-- Provided records --
┏━━

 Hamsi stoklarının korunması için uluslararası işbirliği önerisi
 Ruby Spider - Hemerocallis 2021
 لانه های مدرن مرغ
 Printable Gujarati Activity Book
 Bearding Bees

┗━━
┏━━

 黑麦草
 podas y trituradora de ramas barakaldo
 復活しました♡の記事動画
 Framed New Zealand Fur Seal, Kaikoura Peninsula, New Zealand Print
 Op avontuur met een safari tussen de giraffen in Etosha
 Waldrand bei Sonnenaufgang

┗━━

-- Aim of the task --
From the data above, return every line from the line that has "Hamsi stoklarının korunması" up to and including the line that has "Bearding Bees", exactly.

-- Finished exercise --
 Hamsi stoklarının korunması için uluslararası işbirliği önerisi
 Ruby Spider - Hemerocallis 2021
 لانه های مدرن مرغ
 Printable Gujarati Activity Book
 Bearding Bees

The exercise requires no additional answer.